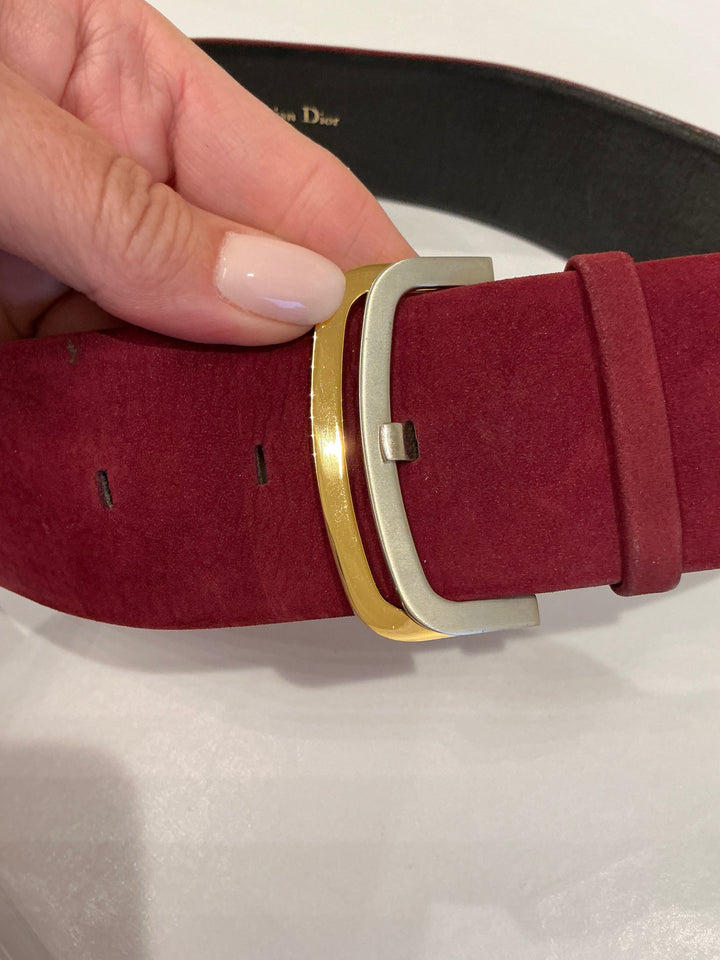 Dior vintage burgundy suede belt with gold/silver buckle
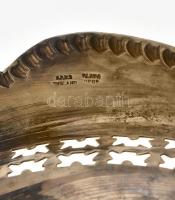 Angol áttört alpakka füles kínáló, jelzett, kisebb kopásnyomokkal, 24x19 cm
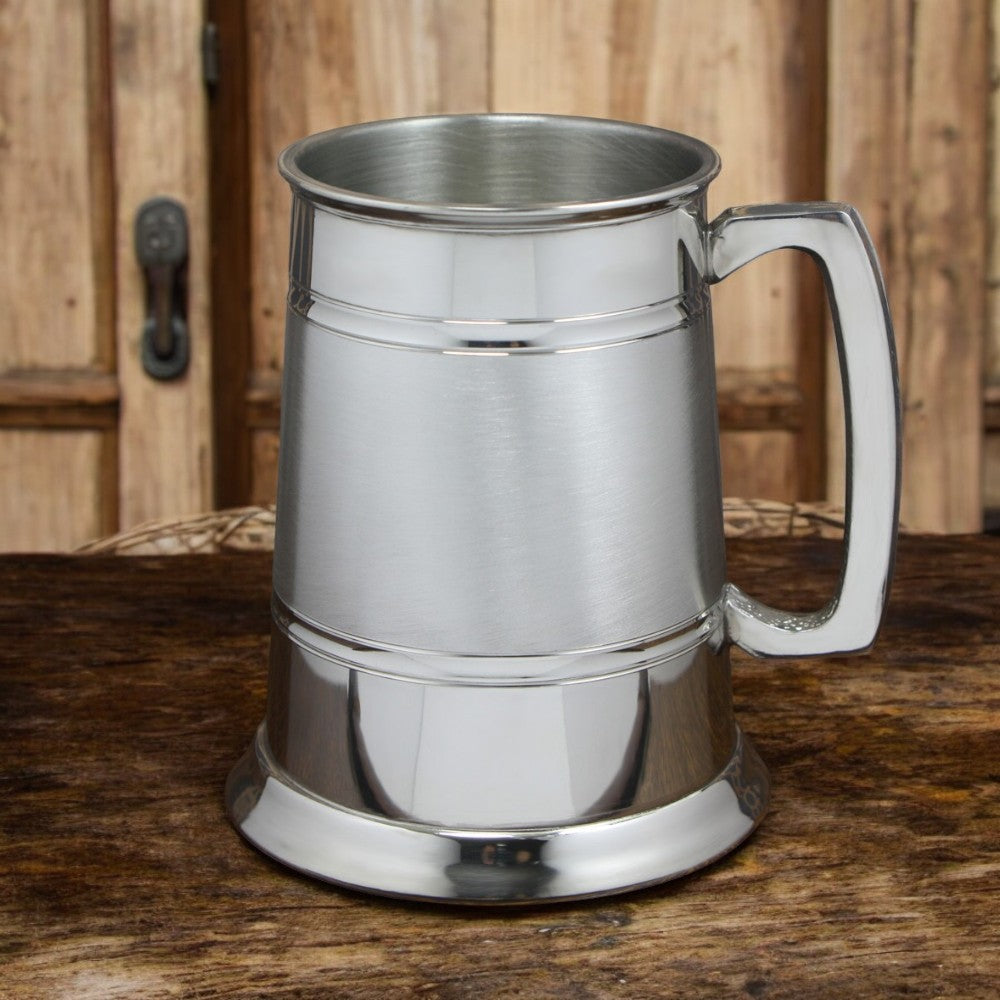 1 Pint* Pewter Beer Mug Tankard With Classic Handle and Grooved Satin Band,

◆ ◆ ◆ ◆ ◆ ◆ ◆

- _THE TASK_
Give back the full listing exactly as written, only without its pictures.

- _OUTPUT FOR THIS TASK_
 Dior vintage burgundy suede belt with gold/silver buckle
 Angol áttört alpakka füles kínáló, jelzett, kisebb kopásnyomokkal, 24x19 cm
 1 Pint* Pewter Beer Mug Tankard With Classic Handle and Grooved Satin Band,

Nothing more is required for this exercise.